Mr Gokongwei said revitalizing the manufacturing sector would also boost the economy.

“Our industrialization depends on the government and the private sector jointly identifying and agreeing on the manufacturing industries we need to develop, supported by enabling policies and incentives,” he said.

The drive to become a manufacturing economy also depends on the country’s ability to equip its workforce to meet the demands of the emerging industrial and technological landscape.

Mr. Gokongwei added that both direct and indirect tourism revenues should be part of the Philippines’ economic growth plans.

“Our natural wonders, our kind-hearted people and our ideal location – these are the perfect ingredients to make us a tourism powerhouse with a significant contribution to our gross domestic product,” he said.

The Philippine economic outlook remained bright despite the risks and challenges, National Economic and Development Authority Secretary Arsenio M. Balisacan said in a separate address at the forum.

“The outlook for the Philippines remains bright and amid current projections we are working hard to maintain it our foundations are sounding,” he said.

“Despite some of the greatest challenges we have ever faced, we remain committed to achieving our short-term goals. We aim for no less than socio-economic transformation in the medium term,” he added.

Mr. Balisacan cited the need to make economic growth more inclusive as poverty statistics have improved in recent years.

“We need to improve access to quality employment and market opportunities, strengthen social protection, reduce poverty to single digit levels and improve the overall quality of life,” he said.

The economy grew 5.7% in the first quarter, slower than expected and below the state’s 6-7% target for the year.

George I. Royeca, CEO of mobile motorcycle app Angkas, said informal workers can contribute a lot to the economy.

“The challenge for us is how to create a platform for informal workers, how to provide financial services and how to increase financial literacy,” he told the forum. “I really hope that we can boost the informal sector and make it really flourish.”

He added that the country needs to adopt innovative strategies in various industries.

Vice President Emmanuel L. Estrada of Globe Telecom, Inc. said it is necessary to bridge the digital divide.

“Digital connectivity has now become fundamental to economic progress,” he said at the forum. “We need not just connectivity, but universal and meaningful connectivity.”

Jesus C. Romero, chief operations officer and senior executive vice president at Converge ICT Solutions, Inc., said the local broadband industry still has a lot of work to do to increase capacity and reduce costs.

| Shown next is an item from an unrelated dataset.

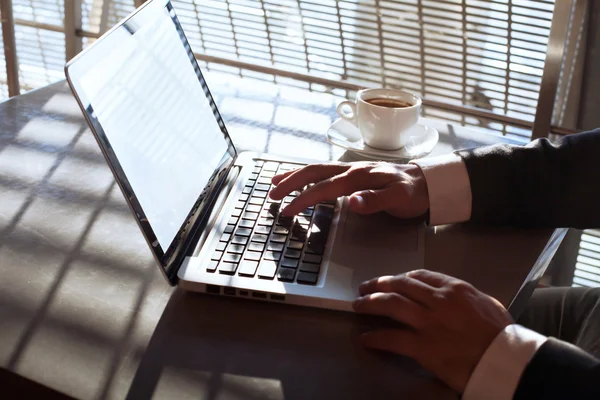 Man werkt op laptop — Stockfoto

“There is no one-size-fits-all internet for all situations,” he told the forum. “There will be people who are better off with mobile and people who are better off with fiber.”

Miguel G. Belmonte, president and CEO of BusinessWorld Publishing Corp., said public-private coordination is needed to attract investment and create more jobs.

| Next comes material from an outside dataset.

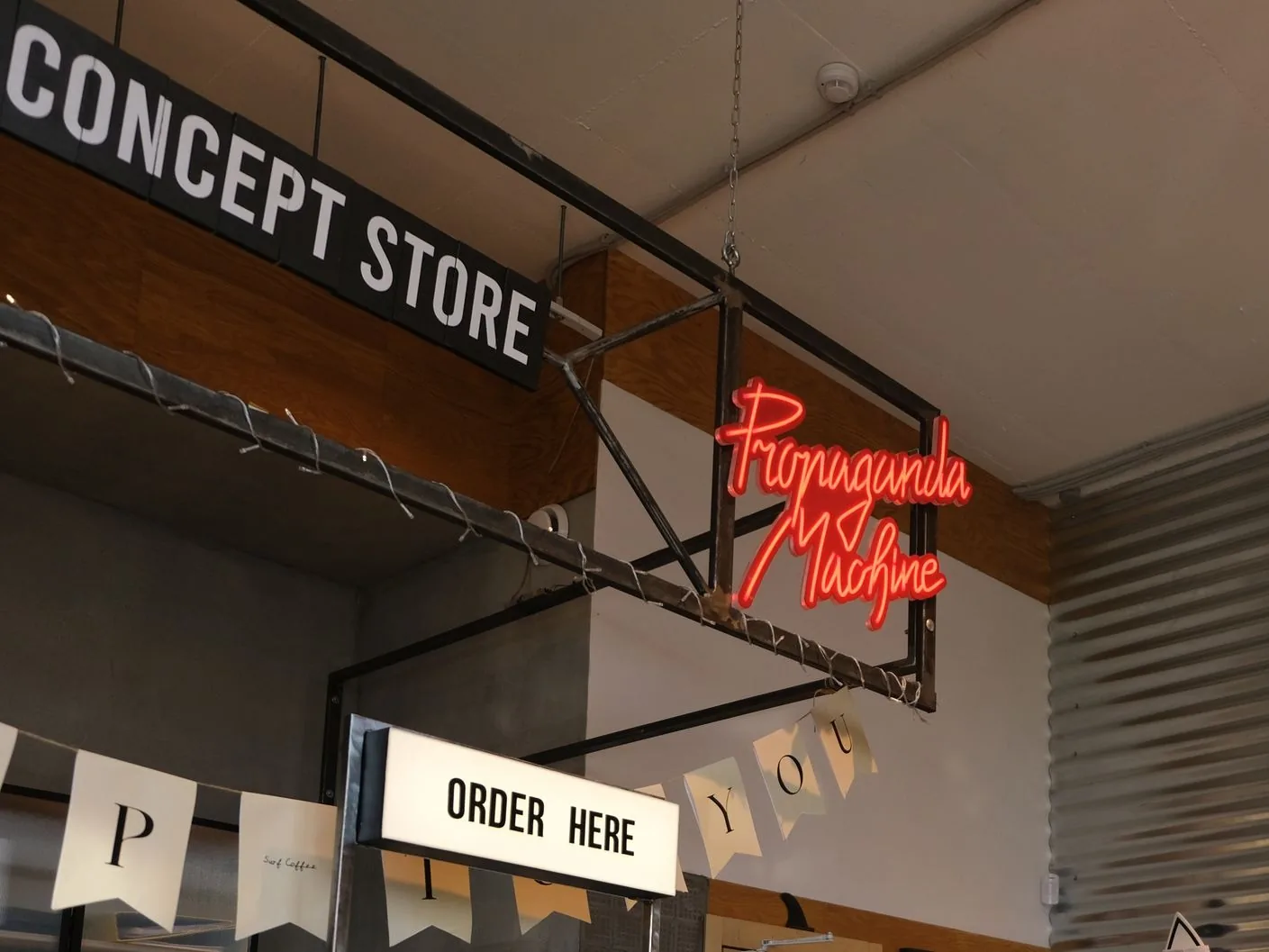 Boutique concept store à l'intérieur industriel, avec enseigne et néon rouge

“What strikes me about these growth engines is the inspiring synergy between the government and the private sector, which is a key driving force for the country in driving investment, innovation and job creation,” he said.

“The private sector employs more than 60% of the workforce and contributes a major share to the Philippine GDP,” Mr. Belmonte said. “With crucial industries such as energy, telecommunications and infrastructure having given enormous potential to the private sector, the opportunities for the country are truly bright.”